Despite high unemployment figures that aren’t showing much sign of improvement, the credit card industry as a whole is reporting that Americans’ credit is slowly getting better.

The improving credit numbers don’t necessarily bode well for the economy, as they could in fact be a product of the nation’s poor jobs picture.

Credit Card Loan Numbers Improving

Several large credit card issuers have reported improved performance on loans so far this year.

Discover wrote off 7.97% of its balances in the second quarter, better than the 8.51% of the first quarter. JPMorgan Chase has written off 8.95% of loans, down from 9.03% while American Express has written off 6.3% of loans this year, down from 6.7%.

Credit card companies “write off” loans when they are deemed uncollectible.

Why the Stats Bump?

The numbers of uncollectible loans aren’t decreasing because Americans are faring better financially. On the contrary, many citizens are actually falling out of the credit system because of personal finance struggles.

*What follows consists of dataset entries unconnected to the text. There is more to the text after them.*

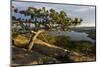 Squam Lake from West Rattlesnake Mountain, Holderness, New Hampshire-Jerry & Marcy Monkman-Mounted Photographic Print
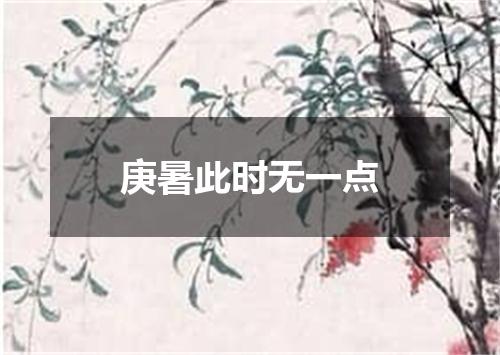 庚暑此时无一点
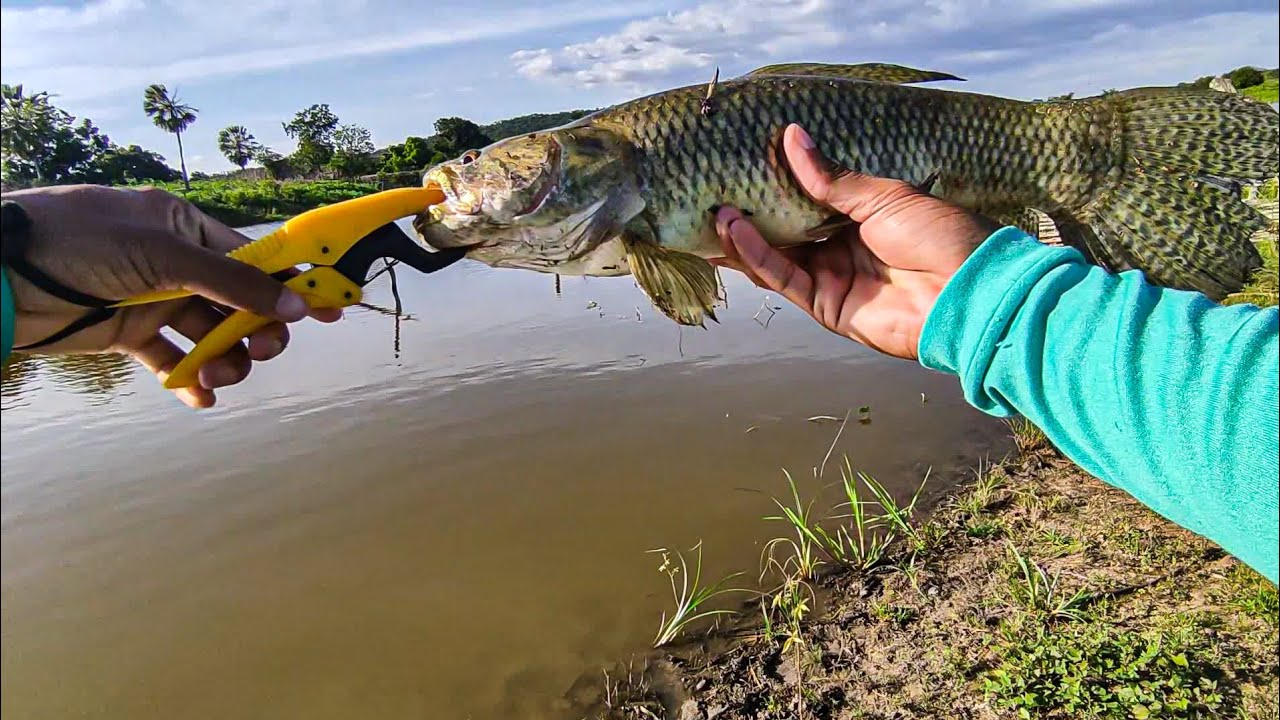 testei a vara de pesca do AliExpress, super macan,🎣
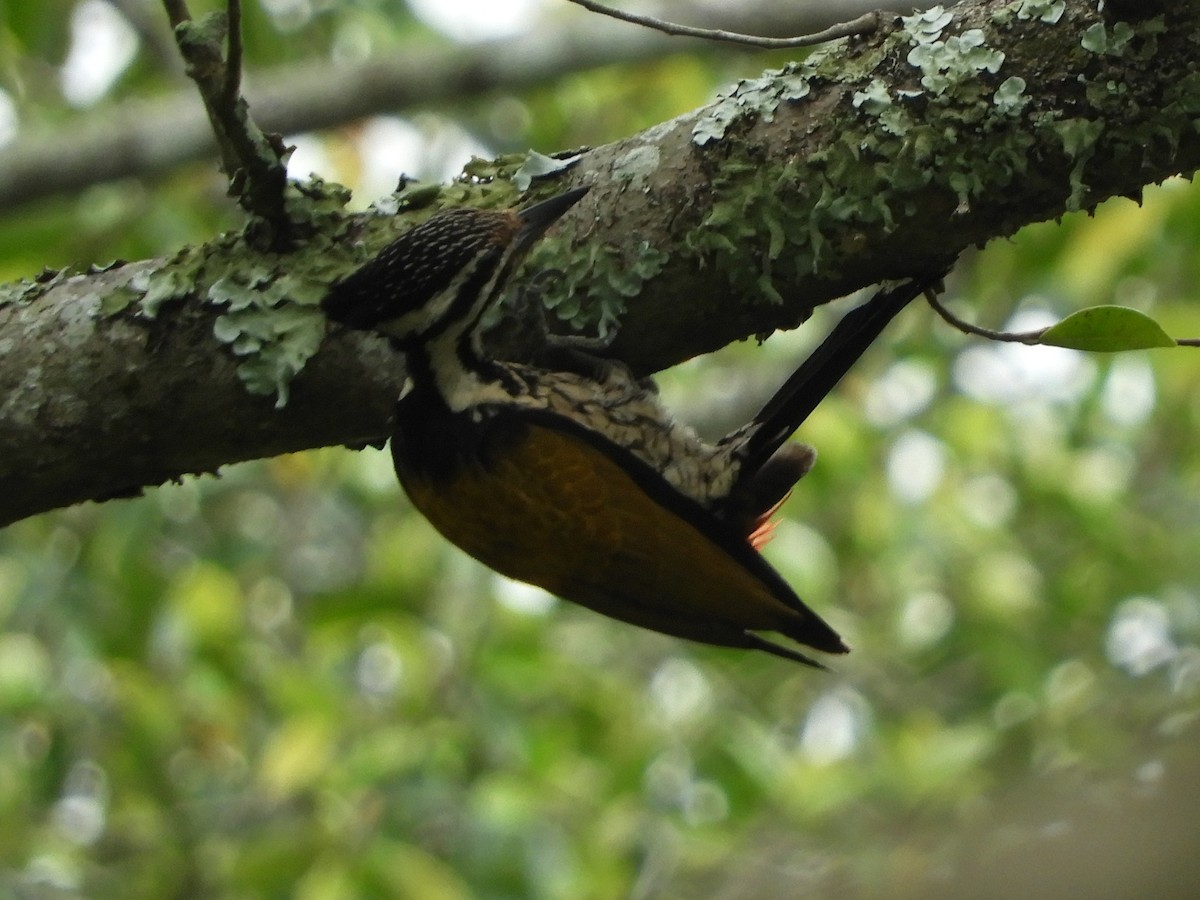 Common Flameback - ML643221638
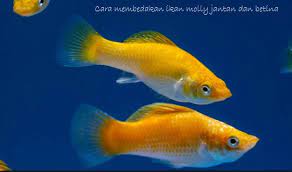 Cara Membedakan Ikan Golden Black Molly Jantan Dan Betina Terkait Perbedaan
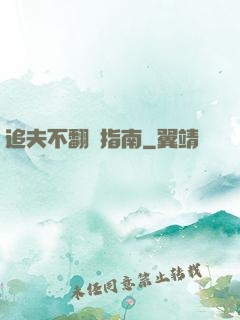 追夫不翻車指南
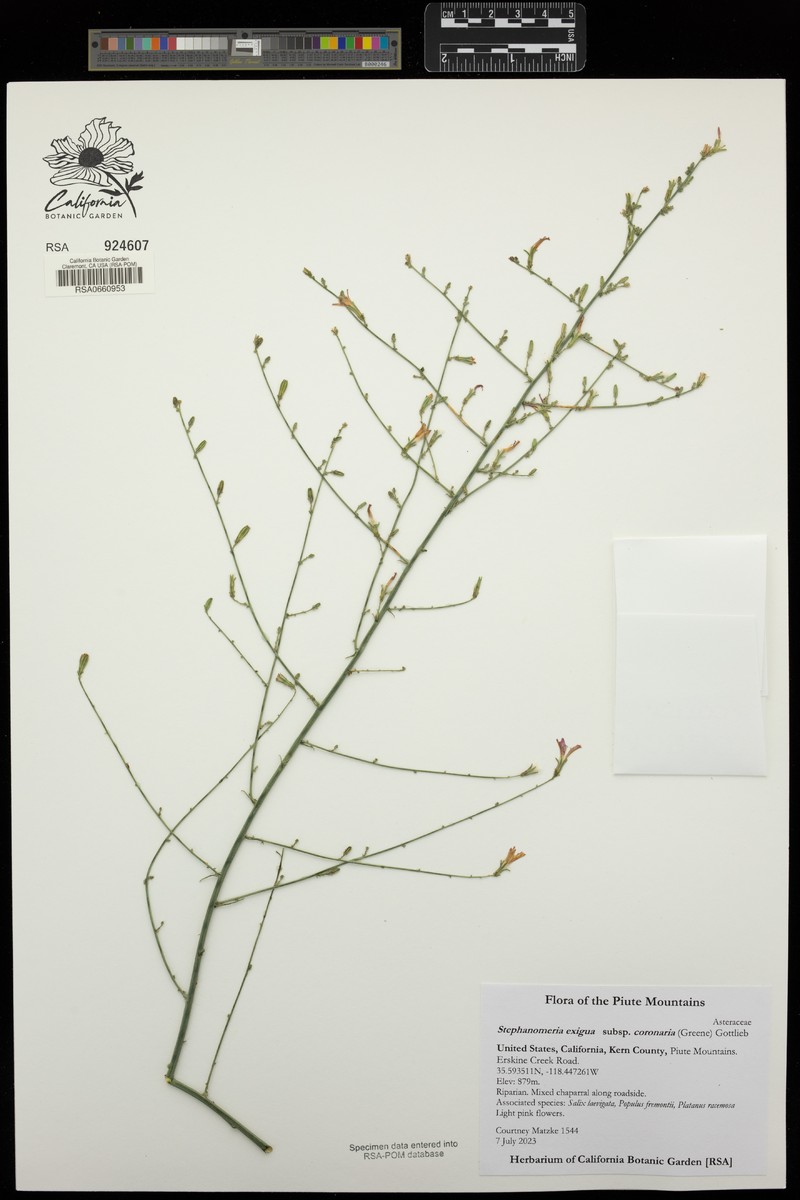 Stephanomeria exigua subsp. coronaria photo 2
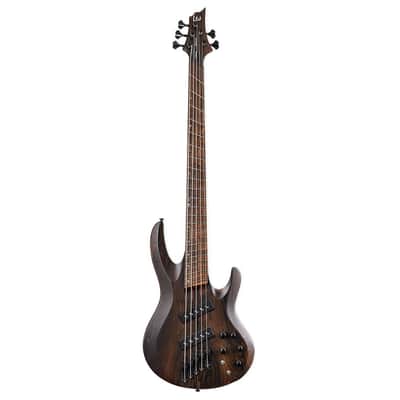 ESP LTD B-1005 Multi-Scale
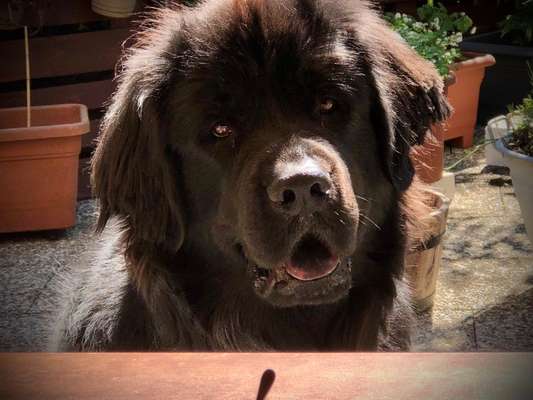 Fotochallange Nr. 57     PORTRÄT.   Beendet!!!!!!!!-Beitrag-Bild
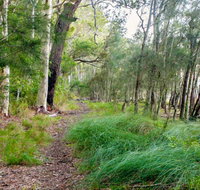 Meroo Lake walking track - Tourism TAS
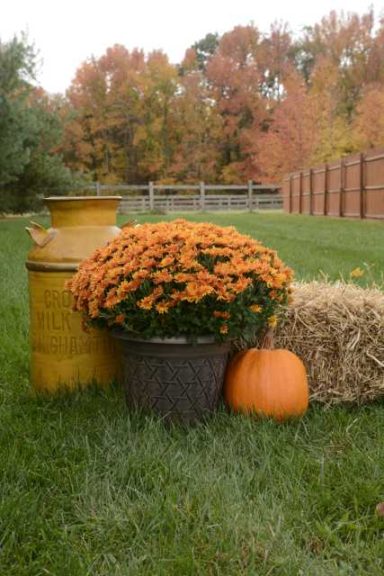 Chrysanthemum ‘Stephany Bronze’ (Syngenta Flowers)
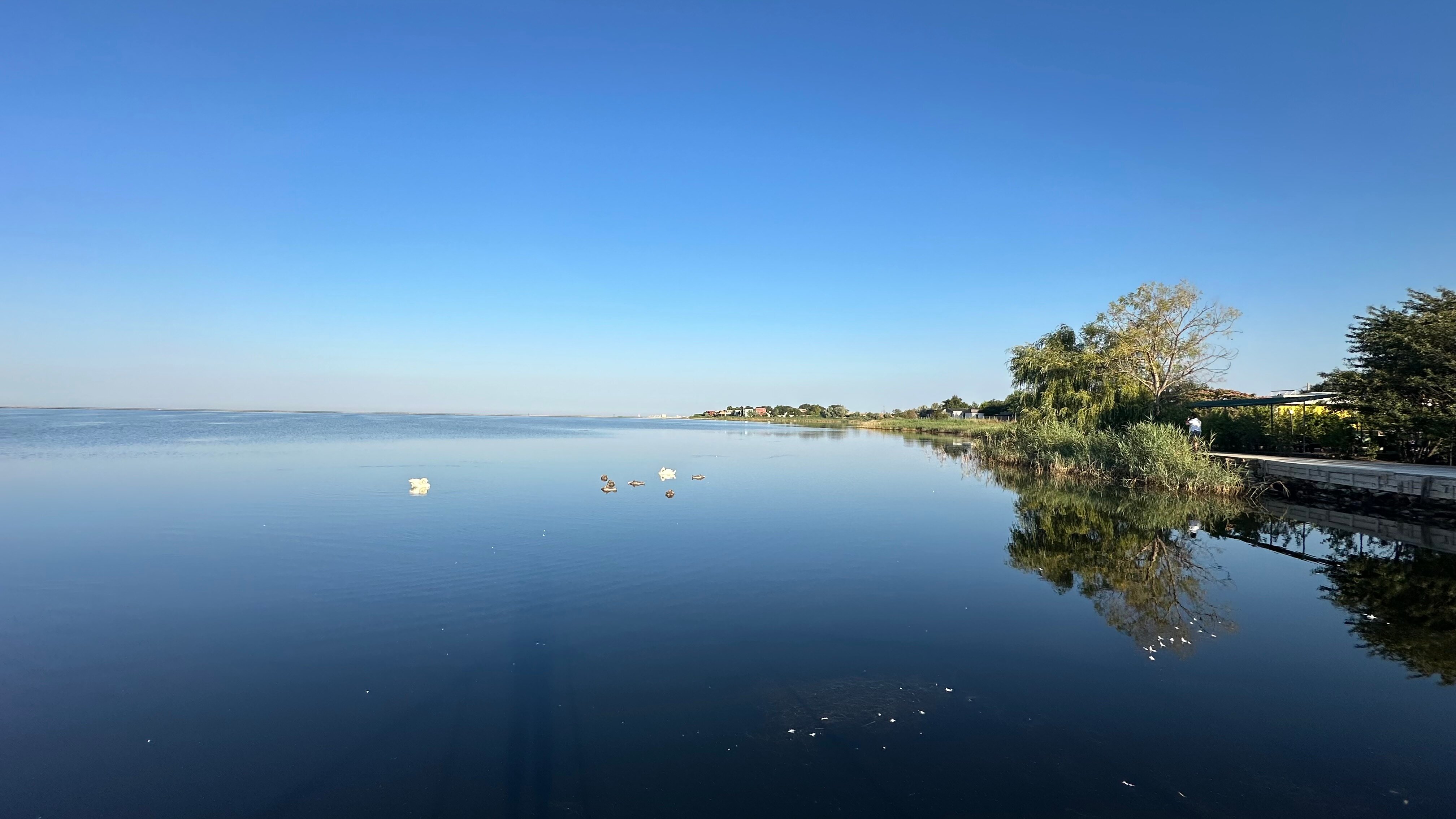 Фото Фрунзенец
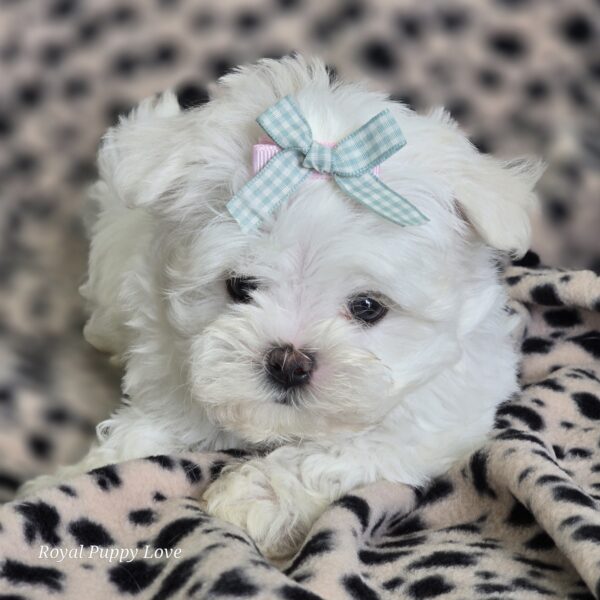 AKC Hope (sold) Congrats to Charles S! - Image 4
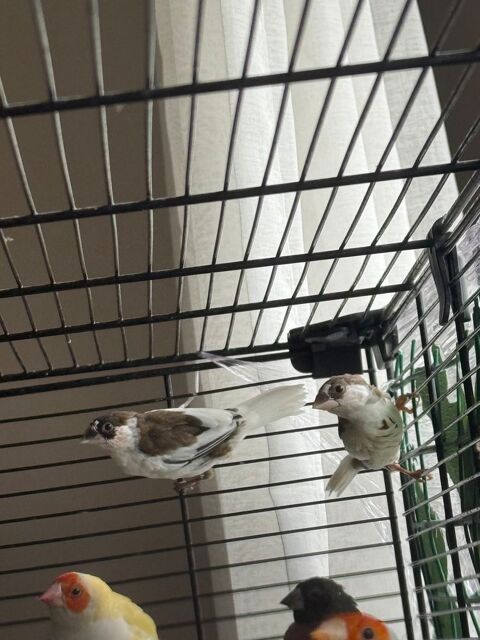 Oiseau moineau du japon 20 93330 Neuilly-sur-marne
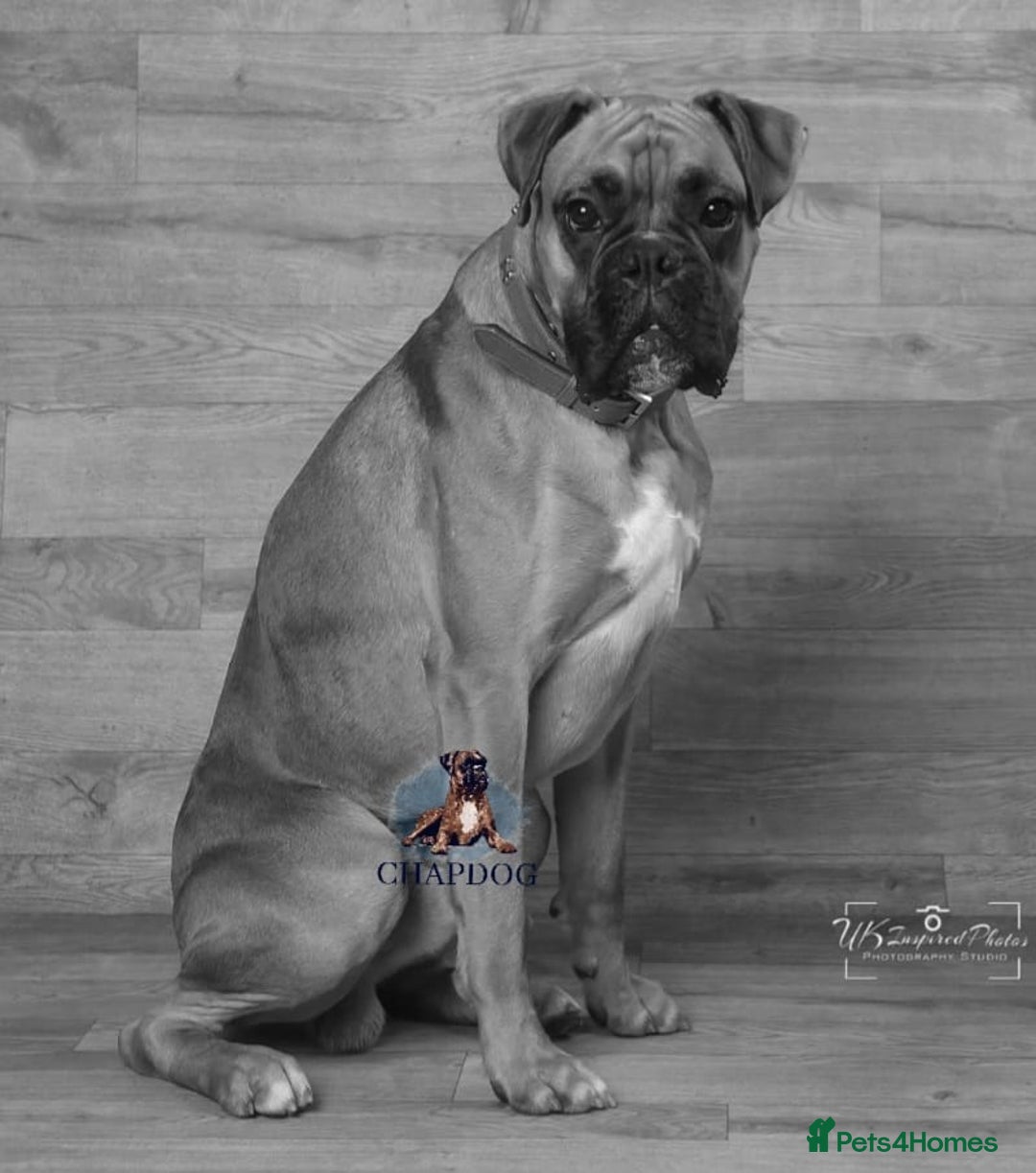 Boxer dogs for stud: Bane - Kc registered boy in Chesterfield - Image 5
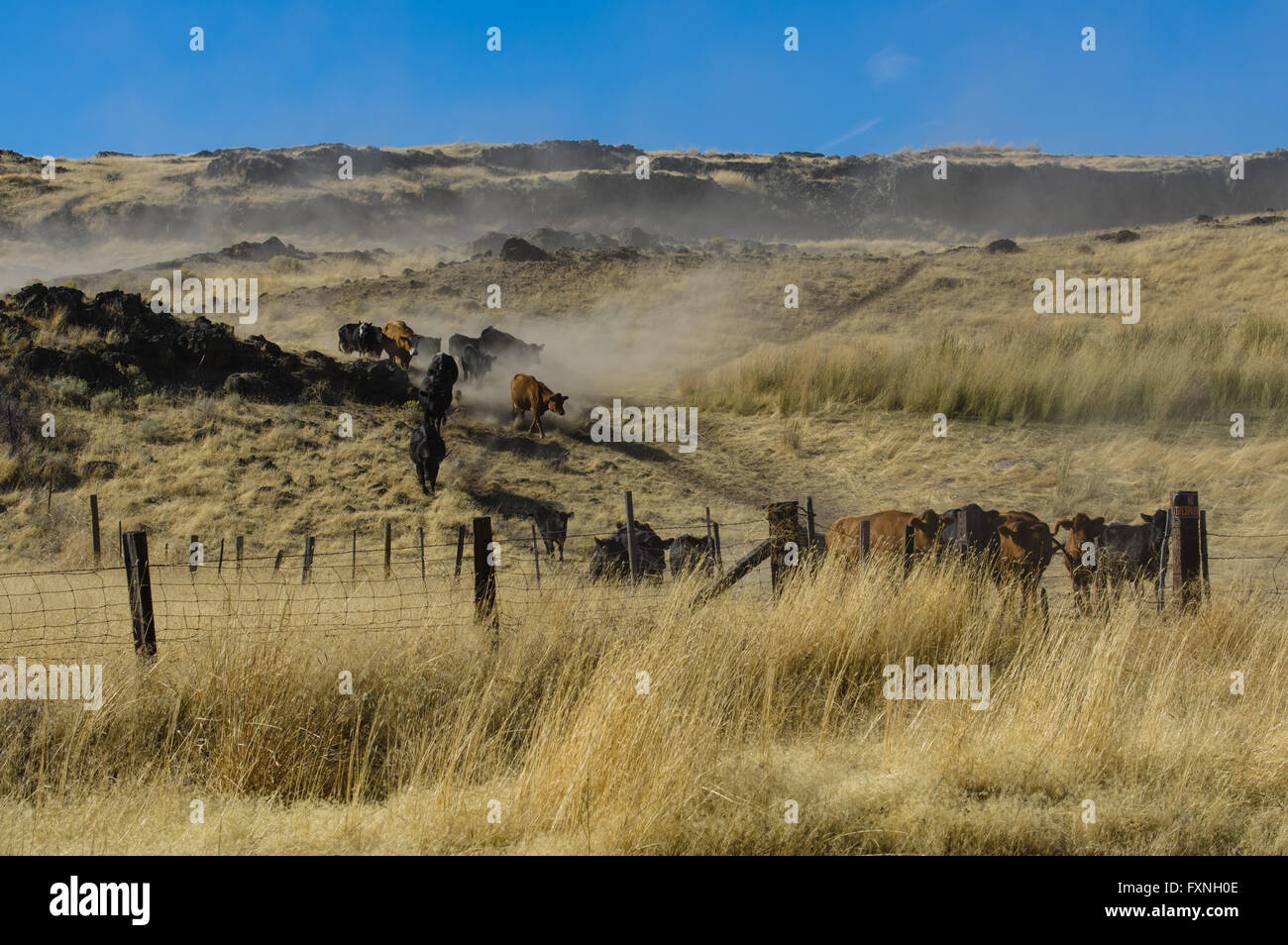 Herd of cattle being moved to new pasture on a ranch. Washtuca ...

Many people who have been unemployed for an extended period have had their credit card loans written off by issuers. Once their loans are written off, the borrower falls out of the credit system and can no longer easily access credit. Without those weak credit scores in the mix, the numbers that gauge the health of the entire credit system improve.

The unemployment situation across the U.S. is bad and not getting measurably better. Unemployment currently sits at 9.5%, down from 9.7%. But the decline could be attributed to the thousands of jobless workers who gave up searching for employment, thus losing their “unemployed” status.